Поближе к Абаю и во времени, и в пространстве, но все-таки тоже не рядом, особенно если говорить о культурных традициях, жил другой философ и художник — русский Владимир Одоевский. И вот что писал он, опираясь, своим чередом, на англичанина Иеремию Бентама, прославившегося, как и его современник Монтескье, своими работами о государстве и политической этике:

«Согласимся, пожалуй, с Бентамом и при всяком происшествии будем спрашивать самих себя, на что оно может быть полезно, но в следующем порядке:

L Человечеству.

2. Родине.

3. Кругу друзей или семейству.

4. Самим себе.

Начинать эту прогрессию навыворот есть источник всех зол… Что только полезно самим нам, то, отражаясь о семейство, о родину, о человечество, непременно возвратится к самому человеку в виде бедствия».

Та же, по существу, мысль отзывается и в мудрости Абая.

Он не читал ни Монтескье, ни Бентама, ни, кажется, Одоевского, но вполне ощущал, и ощущение это в себе пестовал и другим старался передать кровную близость другому. Отчасти ему это чувство давалось труднее, чем единомышленникам-европейцам, отчасти легче. Труднее — исторически. Вместе с Абаем казахи осознавали свое духовное естество, а он знал, что пришел в этот мир за тем именно, чтобы просветить свой народ. В этих обстоятельствах естественным кажется научение речи, если не обособленной, то особенной, своей прежде всего, Абай избирает другой путь. Европейцы тоже взыскуют всеобщности, но для них-то она как раз естественна — в глубине шевелятся общие корни, единая история — античная Греция, Древний Рим.

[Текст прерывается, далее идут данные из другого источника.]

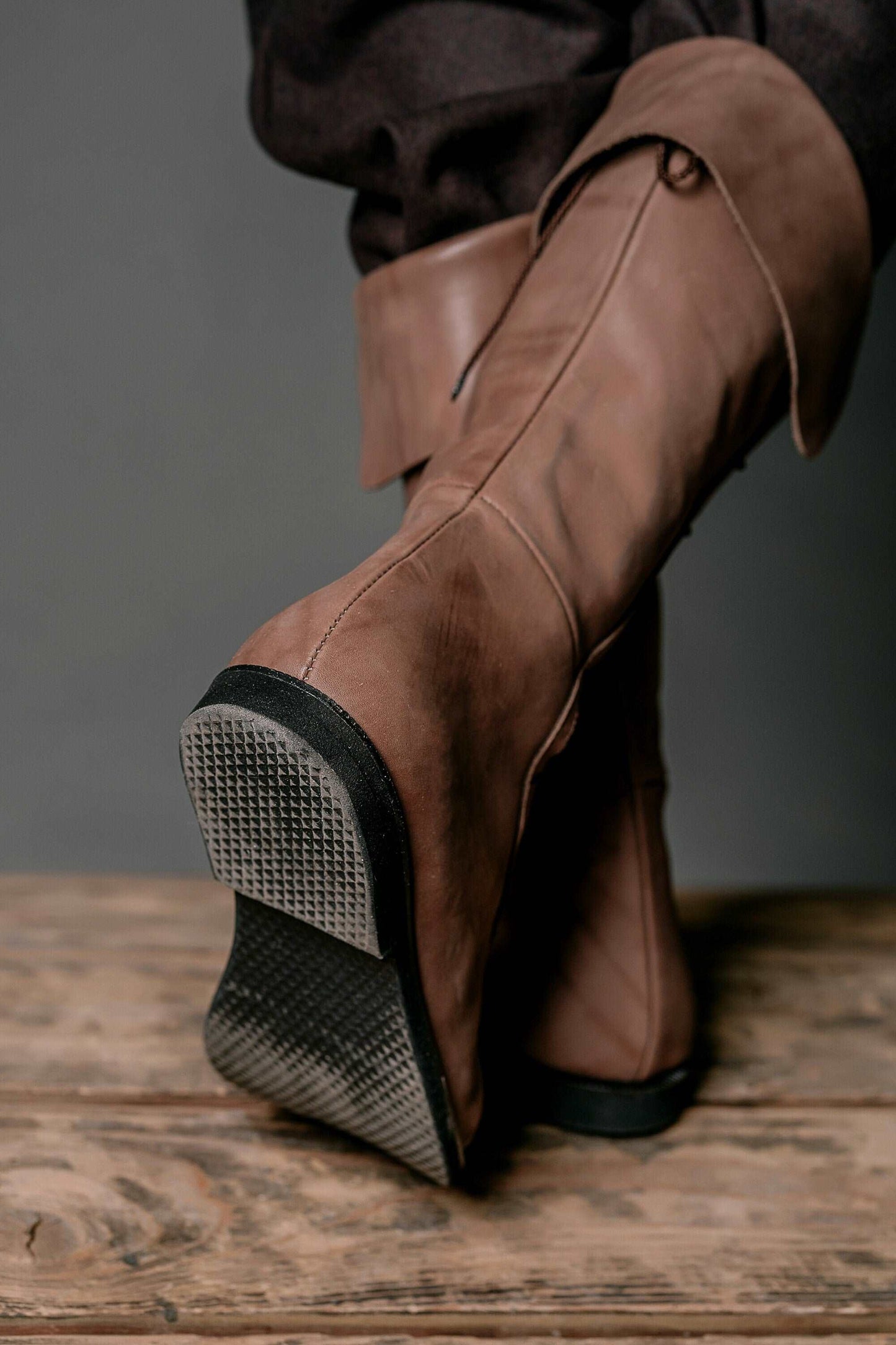 Captain Flint high boots - SokolArmory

Метафизически же Абаю легче. Европа, как больное сердце рубцами, рассечена границами, на пятачке толпятся массы людей, звучит множество говоров, и всякий стремится выделиться. Степь же такой толкотни не знает, степь — это простор, это ветер, идеальное поле для диалога. Недаром пересекал ее когда-то Великий шелковый путь, и это не просто дорога, которой шли торговые караваны, это русло культуры.

«Человеку человечество друг… Твое рождение, воспитание, нужда, несчастье — вся твоя природа, место, откуда ты взялся и куда должен идти, вся твоя судьба одинакова с судьбой всех остальных людей.

Твоя смерть, твое сокрытие в земле, гниение твоего тела, допрос, который тебе учинят на Страшном суде, твой будущий страх за преступления этого света, наслаждение прелестями и этого, и другого мира — все это общее с другими людьми.

Ты вместе с другими людьми — гость земной жизни. Люди, вы друг у друга в гостях. Так зачем тебе враждовать невежественно с чужой мудростью, завидовать чужому счастью, зачем тебе просить у Бога, чтоб он для тебя достал что-нибудь у другого?»

Так философствовал, так учил, так пел Абай, явственно перекликаясь с дальними во времени и пространстве. И тут как раз пролегает другой ключевой маршрут его «Гаклий». Человек Востока, он не сводит глаз с Запада.